Where the Wild Things Are


This is an adaptation of Maurice Sendak's classic children's story. In this adaptation, Max has trouble getting the attention he demands at home. After throwing a fit he runs away and travels a distance to an island where the Wild Things live. After spending some time there and growing up a bit (emotionally) he realizes he needs to return home, and is ready to better contribute to his family life.

Entertainment Value - C

This was an OK show, with potential to be really good. For a kids show, the tone was rather depressing throughout, even the music did nothing to brighten up the film. The colors through out were a drab gray and brown, maybe a little too artsy for its good. The 5 year old behavior in an older kid was a little annoying. The Wild Things were not as wild as I thought they should be, no gnashing teeth or too terrible roars. I guess it is a children's story and can't afford to get too out of hand. I wouldn't go out of my way to watch this one. Save your self 96 minutes and read the book again.

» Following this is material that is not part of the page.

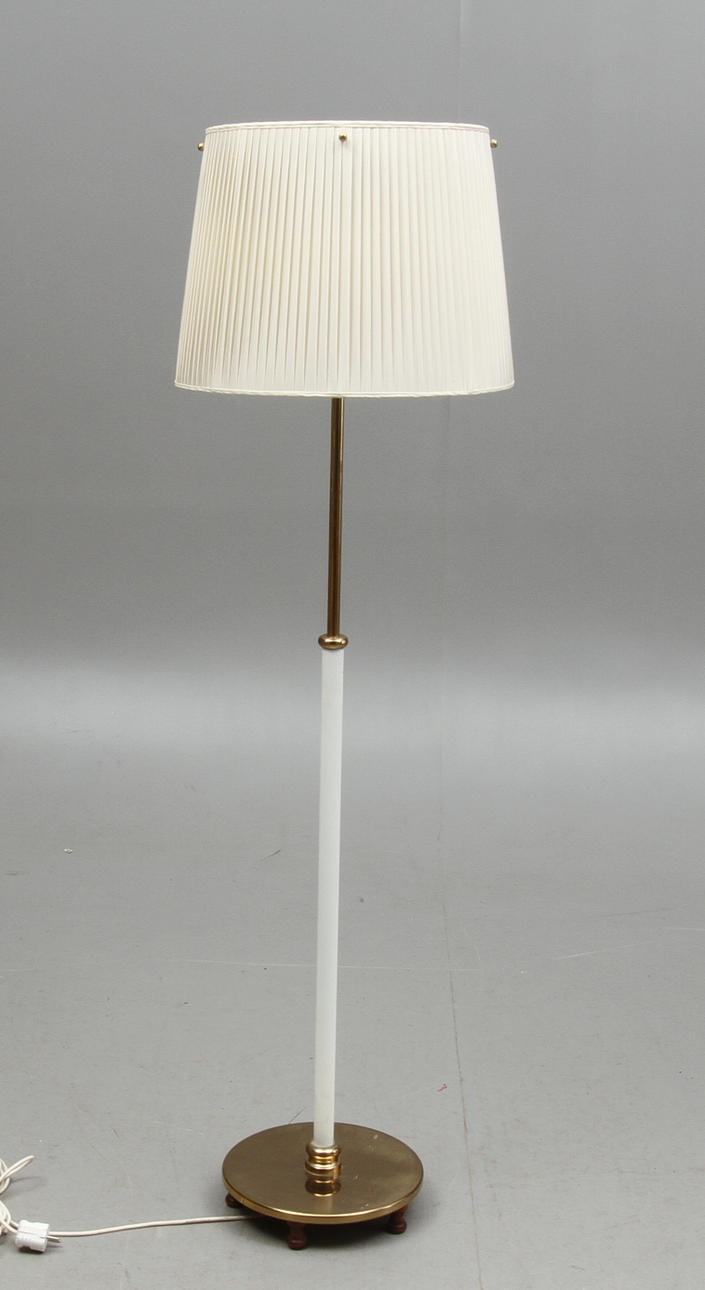 GOLVLAMPA, Josef Frank för Firma Svenskt Tenn, modell 2564.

Moral Value - Failure to Communicate? - 4

What a lonely life Max led! The movie did a decent job showing that the mom loved her son, but it was kind of odd she didn't mention anything about calling the police or running out after him searching for hours in the rainy night. I liked the ending in the book a whole lot better, where Max never actually leaves his room, but when he "returns" he finds his dinner waiting for him and it's still hot.

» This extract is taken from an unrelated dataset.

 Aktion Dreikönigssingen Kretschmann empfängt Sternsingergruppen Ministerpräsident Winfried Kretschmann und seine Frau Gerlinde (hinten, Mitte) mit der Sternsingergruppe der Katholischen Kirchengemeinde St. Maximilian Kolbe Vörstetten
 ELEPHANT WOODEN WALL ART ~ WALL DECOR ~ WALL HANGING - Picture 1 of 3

There is a lot of trying to "fit in." Max tries to fit in with his sister's friends; Carol tries to fit in with Judith and the other Wild Things; both end up stumbling over their lack of self-control and social skills.

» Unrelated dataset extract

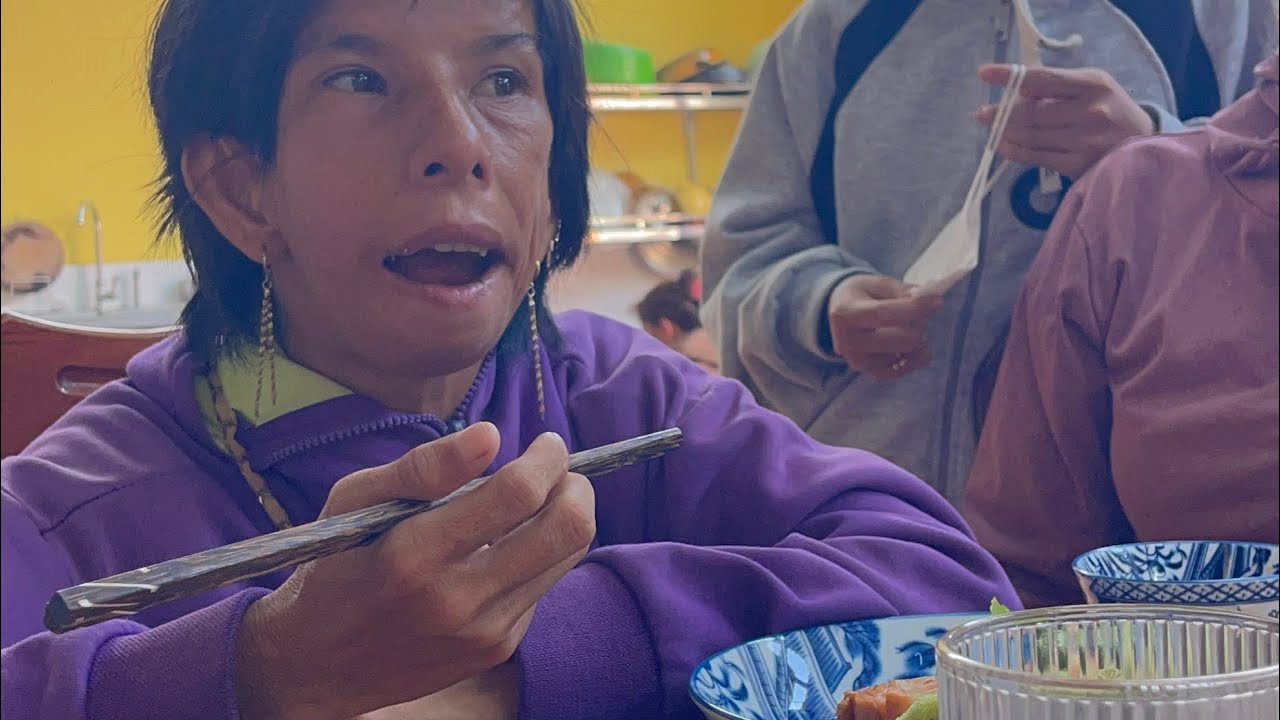 Căng Bà Út Dô Tới Bếp Tìm Kiếm Chim Sâu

Max really gets a good look at his own life when he becomes the person responsible for making all the Wild Things happy (the role he thought his mother owned back home). He realizes that it's no party being in charge, that life is tough for everyone all around and you've just got to carry on. The strongest message I found in the film was in seeing Max realize that stepping outside of himself really helped him put his behavior in perspective; he began to understand that he was not the only person in the world, and that others deserve happiness as well, to which he needed to learn to contribute.

It was kind of cool how they mapped a lot of Max's, Claire's, and the Mom's personalities in the different Wild Things. Obviously the place wasn't real and was more a figment of Max's imagination, but I think they did a good job representing his imaginative journey.